Extract, word for word, each line from the line holding "Businessman working data" through the end of the records. Omit every picture.

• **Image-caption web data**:

---------------

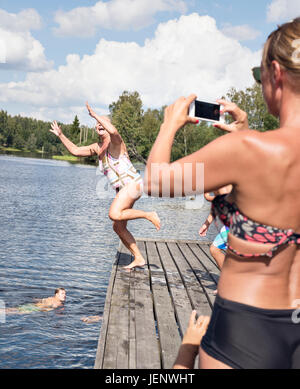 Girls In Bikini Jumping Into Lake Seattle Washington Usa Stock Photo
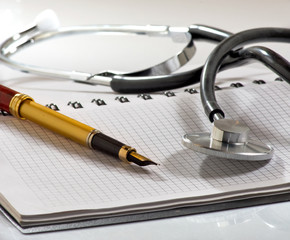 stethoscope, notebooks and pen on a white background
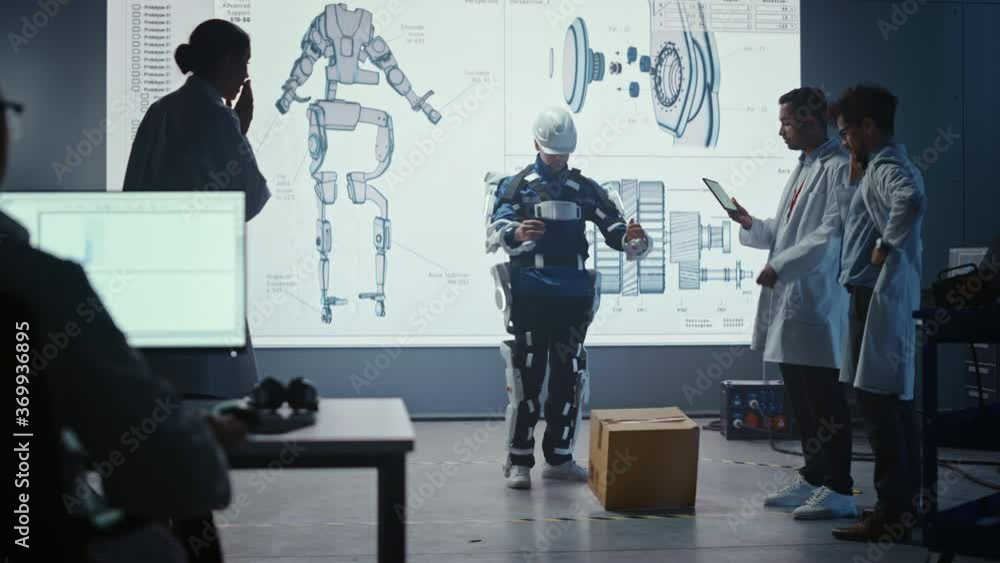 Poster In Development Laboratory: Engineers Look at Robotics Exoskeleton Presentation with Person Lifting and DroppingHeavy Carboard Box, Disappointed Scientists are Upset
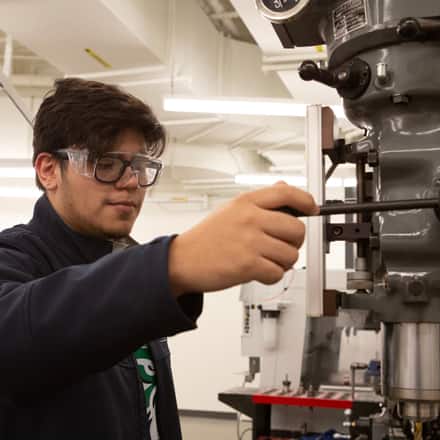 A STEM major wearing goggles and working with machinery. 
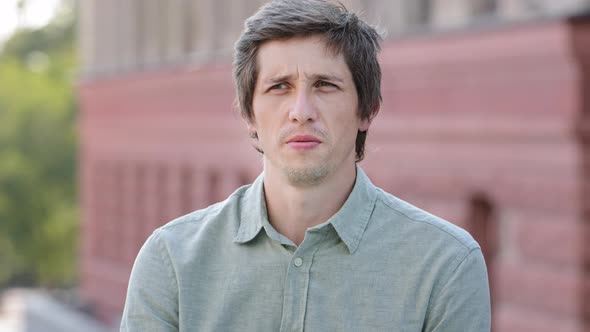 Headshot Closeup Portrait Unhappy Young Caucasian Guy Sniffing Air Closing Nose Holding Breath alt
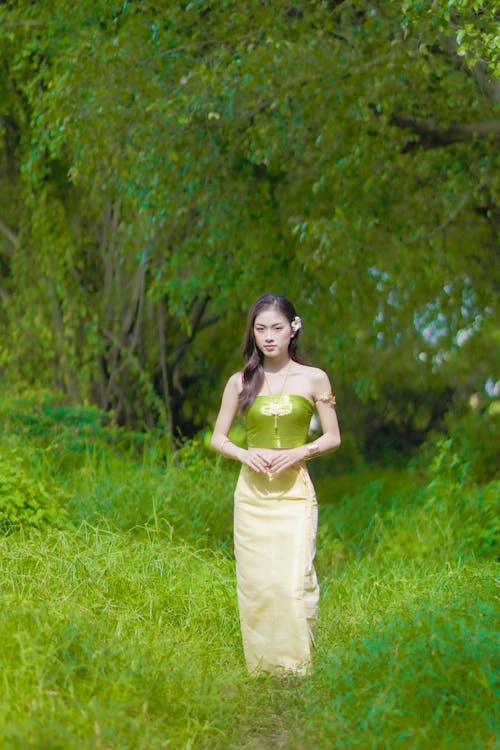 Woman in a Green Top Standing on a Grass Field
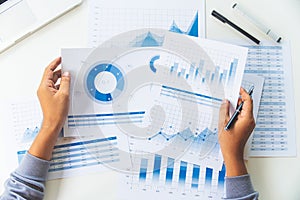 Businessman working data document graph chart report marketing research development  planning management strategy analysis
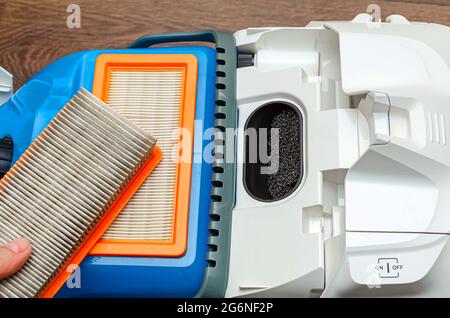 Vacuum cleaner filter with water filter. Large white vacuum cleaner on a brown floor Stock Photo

---------------

• **RESPONSE TO THIS EXERCISE**:
 Businessman working data document graph chart report marketing research development  planning management strategy analysis
 Vacuum cleaner filter with water filter. Large white vacuum cleaner on a brown floor Stock Photo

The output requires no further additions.